There are 2 lounge for Business class passengers to use while transiting with LOT in Warsaw Chopin airport. One is the LOT Polish lounge before the Schengen passport check and another is the Bolero lounge after passport check for international departures. Since I had plenty of time before my connecting flight, I checked into the LOT Polish operated lounge first, and with the review of this lounge conducted once before, I would not write about it again, though would add some new photos of the LOT Polish lounge and its food offerings.
I had some snacks in the LOT Polish lounge and decided to head over to the Bolero lounge, where there is another passport check before leaving the Schengen region for an international flight. Fortunately there was no queue though the immigration guy seems confused about my travels. It took a while before he figured it out and cleared me through.
The lounge was easy to find with signs and located one floor down. This meant a different view from the LOT Polish lounge which is located one floor up from the main floor. In fact the LOT Polish lounge has no view whatsoever. And the Bolero lounge also functions as a contract lounge to several international airlines flying into Warsaw.
There is a lounge reception by the door of the lounge and I was let in after showing my boarding pass. Next to the reception counter there is several workstation cubicles with a green wall.
Compared to the LOT Polish lounge, the Bolero lounge is definitely smaller. There is a bar area right beside the workstations with the lounge chairs spread across from the bar.
The lounge area can be split into 3 sections with the main central section located between the tarmac and the windows. By the windows there is another lounge section.
Finally, there is another section at the end close to the bathroom and shower area. This section has some dining tables and another bar setup. There is a flight information display in the middle section and the lounge was generally quite full in the afternoon with not much free seating space. Lone travellers would probably need to share if heading to this lounge in the afternoon.
As I mentioned, there is a shower area and bathroom at the end of the lounge. The area is nicely appointed with the bathroom sinks being the first space upon entering. There is natural light in the bathroom sinks as it faces the tarmac.
Beyond that there is a shower room that offers guests privacy. I like the shower room here better than the one in the LOT Polish lounge. It just seems brighter with a spacious walk-in shower equipped with a rain shower. It also has its own sink and toilet.
In terms of food, I think both are about the same in terms of quality and variety. There are a couple of hot food like quiches and bacon rolls along with one type of soup. Given that the timing is between lunch and dinner, there was enough for a snack.
This lounge also has the sweet chocolate wafers and other snacks which was more or less similar to the one in the LOT Polish lounge.
For beverages there are the usual juices, iced tea and water in a jug along with some salad and yogurts in the fridge.
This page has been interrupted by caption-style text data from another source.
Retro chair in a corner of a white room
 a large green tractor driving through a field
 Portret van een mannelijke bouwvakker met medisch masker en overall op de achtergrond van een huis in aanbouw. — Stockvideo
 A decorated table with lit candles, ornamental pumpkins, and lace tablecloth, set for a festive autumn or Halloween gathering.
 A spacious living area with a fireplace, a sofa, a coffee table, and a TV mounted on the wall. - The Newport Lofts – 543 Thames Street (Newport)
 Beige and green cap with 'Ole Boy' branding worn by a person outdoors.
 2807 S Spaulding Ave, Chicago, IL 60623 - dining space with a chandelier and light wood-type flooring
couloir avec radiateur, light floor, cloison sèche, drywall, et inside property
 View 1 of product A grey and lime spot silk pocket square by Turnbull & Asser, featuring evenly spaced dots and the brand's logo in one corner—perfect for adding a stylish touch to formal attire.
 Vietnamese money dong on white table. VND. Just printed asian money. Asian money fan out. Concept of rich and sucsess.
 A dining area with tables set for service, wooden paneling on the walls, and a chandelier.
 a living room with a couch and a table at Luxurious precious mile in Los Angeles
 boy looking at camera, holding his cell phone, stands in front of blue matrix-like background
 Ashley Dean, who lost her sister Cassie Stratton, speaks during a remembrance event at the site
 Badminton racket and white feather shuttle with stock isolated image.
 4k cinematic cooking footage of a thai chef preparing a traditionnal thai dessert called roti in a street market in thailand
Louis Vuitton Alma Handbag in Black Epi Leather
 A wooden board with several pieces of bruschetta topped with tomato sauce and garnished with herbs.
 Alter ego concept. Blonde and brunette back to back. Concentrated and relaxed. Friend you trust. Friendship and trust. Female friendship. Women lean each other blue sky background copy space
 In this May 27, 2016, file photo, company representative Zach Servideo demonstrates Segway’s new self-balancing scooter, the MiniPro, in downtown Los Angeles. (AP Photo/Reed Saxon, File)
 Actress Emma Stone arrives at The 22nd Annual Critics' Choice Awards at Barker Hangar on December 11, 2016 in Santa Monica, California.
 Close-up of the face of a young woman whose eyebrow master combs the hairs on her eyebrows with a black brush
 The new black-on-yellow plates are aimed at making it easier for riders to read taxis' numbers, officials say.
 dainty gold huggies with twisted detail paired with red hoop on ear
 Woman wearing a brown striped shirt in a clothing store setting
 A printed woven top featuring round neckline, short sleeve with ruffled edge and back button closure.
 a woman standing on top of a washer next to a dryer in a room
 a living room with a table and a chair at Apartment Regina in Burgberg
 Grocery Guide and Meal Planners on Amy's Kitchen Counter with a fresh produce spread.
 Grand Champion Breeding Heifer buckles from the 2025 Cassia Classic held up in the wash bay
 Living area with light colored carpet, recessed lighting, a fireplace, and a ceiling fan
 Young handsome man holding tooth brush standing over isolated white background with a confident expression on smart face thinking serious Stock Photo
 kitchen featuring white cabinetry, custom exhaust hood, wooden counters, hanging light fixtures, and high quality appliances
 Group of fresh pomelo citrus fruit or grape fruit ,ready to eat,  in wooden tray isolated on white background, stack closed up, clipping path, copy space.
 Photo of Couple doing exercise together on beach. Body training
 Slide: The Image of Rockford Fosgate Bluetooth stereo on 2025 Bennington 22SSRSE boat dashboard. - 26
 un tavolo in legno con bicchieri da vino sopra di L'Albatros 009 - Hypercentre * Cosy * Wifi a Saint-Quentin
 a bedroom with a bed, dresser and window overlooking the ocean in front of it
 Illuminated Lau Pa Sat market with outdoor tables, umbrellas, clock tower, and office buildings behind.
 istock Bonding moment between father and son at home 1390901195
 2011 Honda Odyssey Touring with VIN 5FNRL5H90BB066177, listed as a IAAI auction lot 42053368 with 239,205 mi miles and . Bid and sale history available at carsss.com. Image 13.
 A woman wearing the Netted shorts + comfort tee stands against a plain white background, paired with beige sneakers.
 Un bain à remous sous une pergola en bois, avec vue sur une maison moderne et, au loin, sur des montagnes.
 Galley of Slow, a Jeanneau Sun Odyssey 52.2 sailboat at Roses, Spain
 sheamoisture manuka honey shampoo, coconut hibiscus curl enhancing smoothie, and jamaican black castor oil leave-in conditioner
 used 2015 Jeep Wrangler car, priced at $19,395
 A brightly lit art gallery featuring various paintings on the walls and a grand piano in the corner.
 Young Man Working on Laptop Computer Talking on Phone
A selection of wines and liquors are displayed by the bar and free for guests to consume. There is also chilled beer and soft drinks in the fridge below the buffet counter.
Compared to the LOT Polish lounge, the Bolero Executive Lounge feels more or less similar. With more guetss in the smaller footprint, it can get quite crowded inside. The fact that it is a contract lounge serving multiple airlines and open to pass users, they offer adequate food and beverage but it can be a bit of a squeeze and for that I suggest passengers with a long layover to head to the LOT Polish lounge instead since the food and beverages are about the same.